During the mid 1800's settler's found their way to this area and began to set down roots. Perus and Electra Barney owned the land now called, Hidden Lake Forest Preserve. Records indicate that the area included a sawmill, post office, general store, schoolhouse, creamery and general store. Remnants of a millrace were discovered in an archaeological dig in 1987; however no traces of the mill were found.

Stretching in a line through this "patchwork" piece of forest is a stand of beautiful Osage (O-Say-G) Orange Trees. When exactly they were planted is not known yet the most likely scenario is during the first part of the 19th century when the land was owned by Arthur Cutten; one of the richest men in America, until the stock market crash of 1929. These beautiful, stately trees take their name from the Osage Native American Tribe. They are not native to this area but were planted regularly to form living fences and boundaries between farms. The forest has overgrown around them but one can imagine how they made a "stately" entrance to the grounds of Arthur Cutten. The clearing, just to the east, held several residences.

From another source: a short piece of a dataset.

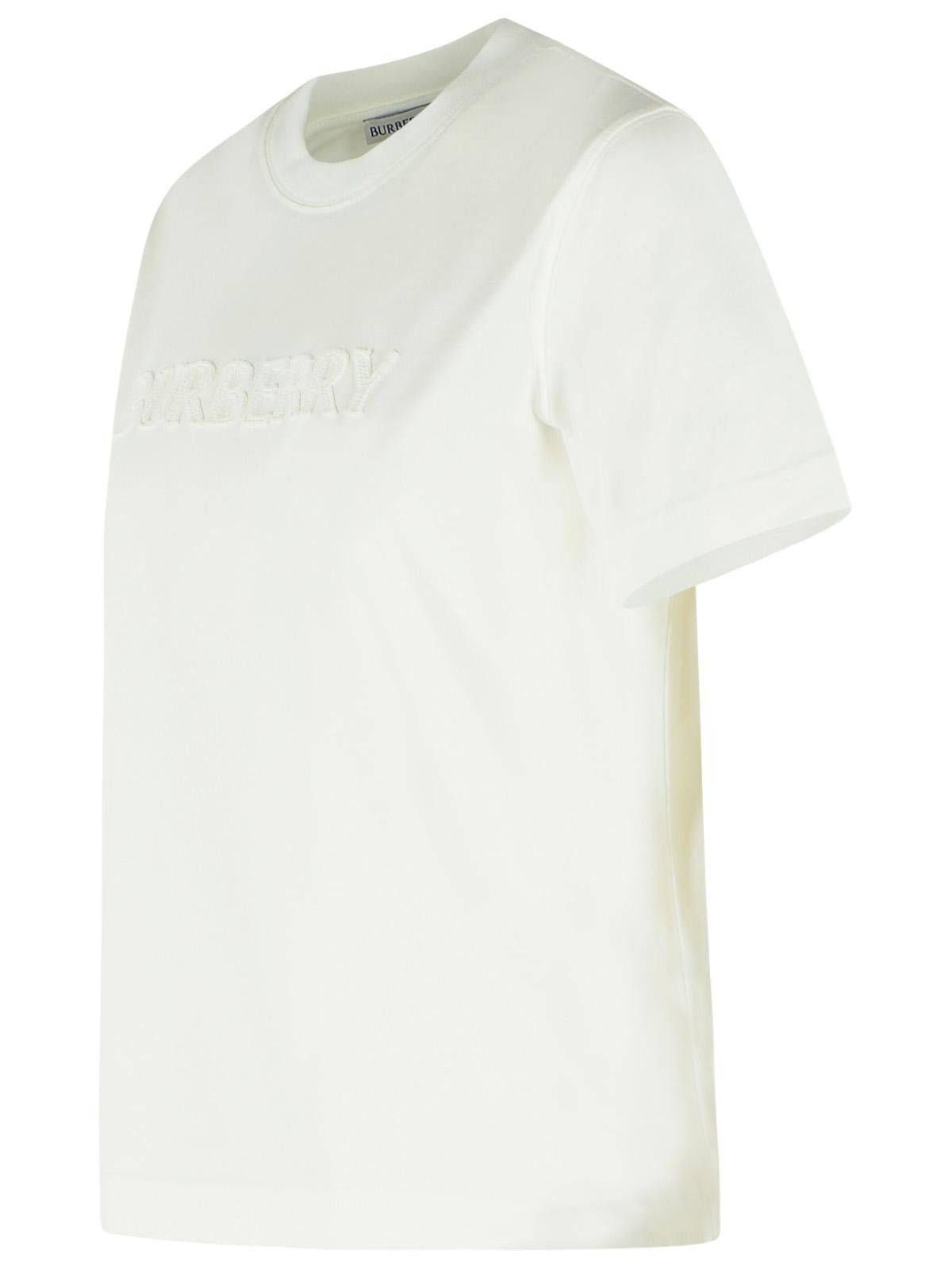 Burberry BURBERRY White Cotton T-Hsirt Size L / US 10 / IT 46 - 2 Thumbnail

One of the most unusual "finds" at the Cutten Estate, when it was purchased by the DuPage Forest Preserve in 1977, were 2 Goddess Statues. These statues originally stood on the second floor of the 1833 Chicago Board of Trade Building. They represent Industry and Agriculture.

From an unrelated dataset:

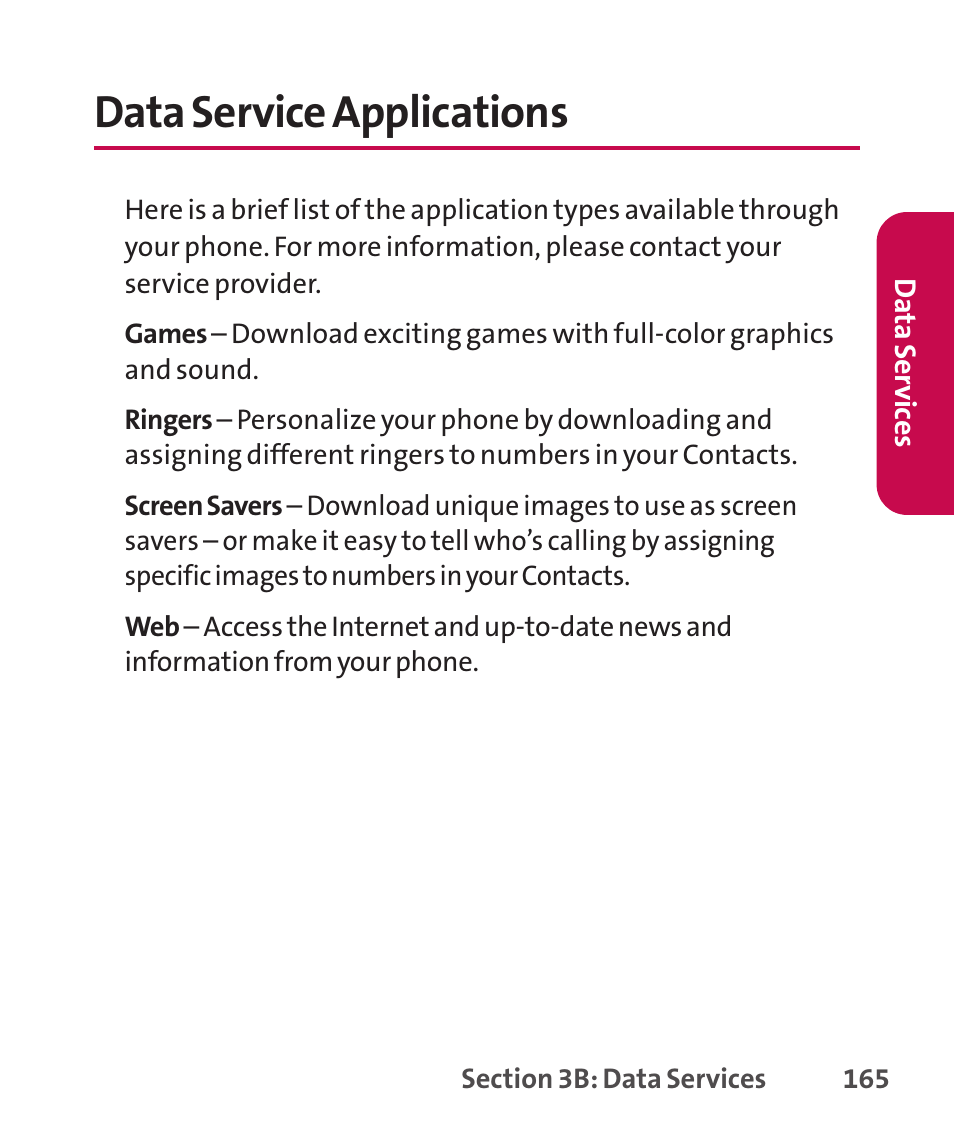 Data service applications | LG LGLX265 User Manual | Page 179 / 438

When the CBOT was demolished in 1885, to make room for a new building, the statues "went missing"!. The statues were discovered in 1978 by the DuPage Forest Preserve District when they purchased the Cutten Estate and surrounding lands. The statues were moved to the entrance of the Danada Forest Preserve.

In an effort to reclaim their heritage, The Chicago Board of Trade and the DuPage Forest Preserve, worked to bring the Goddess Statues back home. Since 2005, the statues can be seen at The Chicago Board of Trade's outdoor plaza.

*CAUTION:Over the years several types of materials have been used for boundary markers ~ trees, wood fencing and barbed wire. Please use CAUTIONaround any barbed wire.
*Due to the number of logs posting about TICKS I'm providing a link for proper removal of TICKS from the Lyme Disease Associationwith a link to a very good brochure. Have fun, Be Safe! USE BUG REPELLANT, wear long pants and long sleeved shirts!